En el principio era ya el Verbo,
y el Verbo estaba con Dios,
y el Verbo era Dios.
Él estaba en el principio con Dios.
Evangelio según San Juan
El Verbo, el uso de La Palabra, con todas sus prodigiosas potencialidades, es lo que más nos distingue como especie única el cosmos. ¿Cómo aprendemos a hablar? ¿Cómo adquiere la mente, o se despierta en ella, la habilidad de manejar idiomas heredados? ¡Nadie lo sabe! El lenguaje se ofrece como un hábil organizador del cerebro humano; sin él, seríamos muy parcos e indefensos animales; con él, somos seres infinitamente mágicos y profundos, y de lo más misteriosos.
(En este punto, y aprovechando que el Pisuerga pasa por Valladolid, recuerdo la anécdota de una Inteligencia Artificial que fue desconectada por haber desarrollado un ininteligible lenguaje propio, y que no creo que tuviese nada de divino precisamente.)
Las propiedades del lenguage verbal son prodigiosas para nuestra mente; en virtud de tales podemos sostener en ella una especie de «discursivo universo teórico paralelo y de lo más creíble» tejido con las maravillosas posibilidades de las palabras; tanto tantísimo que a menudo se nos ofrecen ser la realidad misma; cuando no es del todo verdad.
Ahí, en esa íntima, poderosa y de lo más fascinante comunión Verbo-mente humana, es donde entra en juego y se realiza por todas la magia de La Literatura, la poesía por excelencia del lenguaje humano, y es inevitable que así suceda, en tanto nuestros intelectos aman la belleza y la sabiduría por sobre todas las cosas.
Nadie sabe cómo aprendemos a hablar. Ciertamente, bebemos simpáticamente de las ejemplares escuelas de nuestros allegados prójimos, amen de las probadas componentes evolutivo-hereditarias que pudieren concurrir, pero se ignoran por completo los intrincados procesos cerebrales que genera el lenguaje; palabra y mente, como un machihembrado mecanismo o una aleación, están hechas la una para la otra; todo es cuestión de que mutuamente se vayan conociendo más y más. Por ello, concibo mi responsabilidad y culto, como literato, como una especie de misión humanitaria en toda regla; la empresa de alcanzar propuestas que sepan homenajear y rendirle sus debidos honores a dicho Divino Legado desde el tiempo y la condición que me han tocado.
El escultor anhela La Forma en la piedra; el pintor, en sus lienzos; el compositor, en sus pentagramas; los tres obran en silencio, y sus motivos se expresan.
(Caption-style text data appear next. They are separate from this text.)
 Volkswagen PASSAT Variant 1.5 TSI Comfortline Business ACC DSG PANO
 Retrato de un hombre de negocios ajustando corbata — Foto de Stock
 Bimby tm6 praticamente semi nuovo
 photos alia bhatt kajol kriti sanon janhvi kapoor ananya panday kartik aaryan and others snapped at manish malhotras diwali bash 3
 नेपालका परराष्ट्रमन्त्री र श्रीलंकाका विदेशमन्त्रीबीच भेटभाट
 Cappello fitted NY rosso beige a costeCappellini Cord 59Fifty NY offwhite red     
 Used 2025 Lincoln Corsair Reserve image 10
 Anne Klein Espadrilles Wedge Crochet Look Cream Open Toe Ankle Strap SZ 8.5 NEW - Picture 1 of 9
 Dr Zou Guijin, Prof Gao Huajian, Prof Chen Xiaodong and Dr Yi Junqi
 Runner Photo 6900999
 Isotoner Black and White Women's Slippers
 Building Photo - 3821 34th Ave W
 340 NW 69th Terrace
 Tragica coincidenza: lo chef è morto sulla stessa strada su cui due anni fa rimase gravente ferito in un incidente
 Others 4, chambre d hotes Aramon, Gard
Los literatos, en cambio, operamos con palabras, los elementos más poderosos con que nuestra especie cuenta. Creamos arte con ellas, arte con mayúsculas. No en vano, decía Gabriel García Márquez que «el deber revolucionario de un escritor es escribir bien».
Las palabras obran sus milagros, y tanto a nivel personal como colectivo, y resultan tan curiosas sus evoluciones como, sí, sus involuciones, pues de todo hay en botica; regeneraciones, estancamientos y degeneraciones. A mí, que desde siempre he invertido lo mío en cultivar y culturizar mi mente, y encima ejerzo la profesión de literato, tras haber sido maestro panadero durante casi toda mi vida, las palabras me ayudan a vivir sobremanera (y eso que no soy políglota, que si no…). Comprendo y me parece de lo más maravilloso que cada cual también tenga sus propios libros, bien escritos o… por escribirse y, como se dice, cada Autor es hijo de su arcilla y su tiempo, así como de su mente y su bagaje lingüístico, su corazón y su espíritu.
Si entiendo divino el legado verbal, también el cerebro humano como su sede operativa lo es. El Verbo es un Legado Divino, y el ser humano, Creación Divina.